Na primeira exibição da película, várias latas do filme foram roubadas da cabine de projecção e alguns pensam que as mesmas foram usadas para atrair Pier Paolo Pasolini à praia de Óstia, para as negociar e reaver, mas nessa noite fatal em que jantou pela última vez na companhia de Ninetto Davolli e a sua família, “Mama Roma” não o conseguiu levar de mota até aos braços de Anna Magnani, preferindo seguir o destino traçado pelo anjo negro de “Teorema”, ao encontro de uma morte violenta.
"As Mil e Uma Noites"
O mistério que envolveu a sua morte continua por deslindar, mas o seu cinema encontra-se bem vivo, continuando a oferecer uma das obras mais polémicas da Sétima Arte, à qual ninguém consegue ficar indiferente.

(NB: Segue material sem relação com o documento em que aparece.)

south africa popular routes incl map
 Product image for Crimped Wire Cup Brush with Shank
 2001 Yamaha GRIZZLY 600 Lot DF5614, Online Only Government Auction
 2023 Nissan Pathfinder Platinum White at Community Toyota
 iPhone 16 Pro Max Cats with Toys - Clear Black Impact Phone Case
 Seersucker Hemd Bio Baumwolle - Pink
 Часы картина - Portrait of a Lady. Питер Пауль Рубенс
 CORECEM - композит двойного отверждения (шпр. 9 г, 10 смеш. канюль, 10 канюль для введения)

"Saló ou Os 120 Dias de Sodoma"
(1) – In “La religione del mio tempos”
“O Bosque Sagrado”
(Editora Gota de Água)
Rui Luís Lima
Pier Paolo Pasolini - (1922 - 1975) é um dos mais importantes cineastas do cinema italiano, para além de romancistas, dramaturgo e poeta, tendo tido uma enorme intervenção política através dos seus escritos em diversas publicações italianas, para além dos inúmeros livros que escreveu. Na sua filmografia destaca-se a célebre triologia da vida, assim como a película "Medeia" que teve como protagonista a célebre cantora de ópera Maria Callas, com quem mantinha uma conhecida amizade. Estamos perante uma figura que provocou sempre alguma polémica, mas cuja figura como intelectual e cineasta é incontornável.